USS Iowa (BB-53), a battleship that was never completed

Almost all of these cases stem from one of the world wars.1 Battleships, extremely expensive and relatively slow to build, tended to be sacrificed for other vessels in the press of wartime needs. Every single battleship that fought during WWII was laid down before its nation entered the war. During WWI, the British managed to complete a handful of battlecruisers, but even this was a major drop in capital ship production relative to their output before the war, and nobody else managed to do the same.2 Even a number of ships laid down before the war were suspended for the duration and subsequently cancelled. After the war, a new naval race between the US, Japan and Britain seemed to be brewing, before being averted by the Washington Naval Treaty. This allowed each country a small number of new ships, but most of the American and Japanese building programs would never see service.
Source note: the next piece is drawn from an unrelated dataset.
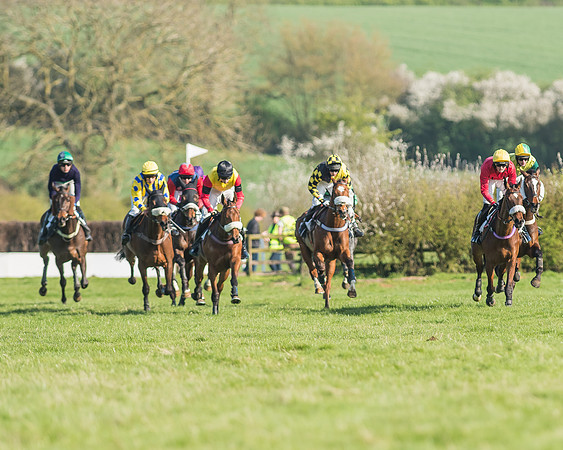 Race 5 - Restricted Race-68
USS Delaware being broken up, 19253

The standard fate for unnecessary ships was being broken up. A battleship, after all, is a large chunk of high-quality steel, and there's little point keeping it around if you aren't planning to use it.4 Steel that hadn't yet been assembled was often redirected to other ships or kept in storage, but if it had been prepared and installed, it would generally have to be melted down for reuse. But scrapping was a last resort, as it involved throwing away a lot of work, and navies tended to wait until they were sure they wouldn't actually use the vessel before scrapping it. Battleships suspended during wartime generally weren't scrapped until after the war, when it was clear that the ship wasn't worth completing due to changing weapons and economics.

But a few ships found other purposes than feeding a steelworks, at least for a while. A surprising number were completed as aircraft carriers, mostly in the 1920s, and a few of that vintage were used to evaluate how a battleship would stand up to attack. And then there were a bare handful that lingered incomplete for years, as navies searched for a new use for them in a changing world.


Eagle

The first battleship completed as something else was one of the products of the South American Dreadnought Race. In 1911, Chile had ordered a dreadnought from British shipbuilder Armstrong, with an option for a second ship. That option was exercised in 1913, but the outbreak of war saw neither ship completed yet. The first vessel was almost finished, and she was bought by the British as HMS Canada and completed in 1915. The second ship, to be named Almirante Cochrane, was structurally largely finished, but hadn't had her armor installed yet. She remained in limbo until early 1918, when the British bought the incomplete ship from Chile for conversion into a carrier under the name Eagle. Her completion was delayed until 1920 by the need to incorporate lessons from trials aboard HMS Argus and HMS Furious, and the result was a ship that looks a lot like a modern aircraft carrier. Most notably, she was the first carrier to be completed with the starboard-side island that is ubiquitous today, and proved a much better solution to dealing with the exhaust gasses than was possible in a flush-deck carrier. Eagle gave valuable service as an experimental carrier in the 1920s, although by the outbreak of WWII, she was too slow and too small to be capable of first-line service. She spent the first months the war in the Far East and Indian Ocean, hunting German commerce raiders, but then was drawn into the expanding war in the Mediterranean, where she was sunk by a U-boat in 1942.


Bearn

But Eagle was just the first of seven battleships and battlecruisers that were converted to carriers while under construction.5 The first was Bearn, a unit of the French Normandie class. Unlike her sisters,6 she was far from launch at the outbreak of war, and in 1920, was fitted with an improvised flight deck for carrier trials. These went well enough that the French converted her into a proper carrier, their only such vessel until after WWII. By 1939, she was old and slow enough to make her suitable only for second-line tasks, and she found herself carrying gold to the US to pay for weapons when France fell in 1940. She spent most of the rest of the war essentially interned in Martinique, as the Vichy French and Americans both tried to keep her from joining the other side. Eventually, the Free French became dominant, and she was converted to an aircraft transport just in time for the end of the war. Postwar, she supported French operations to reestablish control of Indochina, before being turned into a barracks, finally being broken up in 1967.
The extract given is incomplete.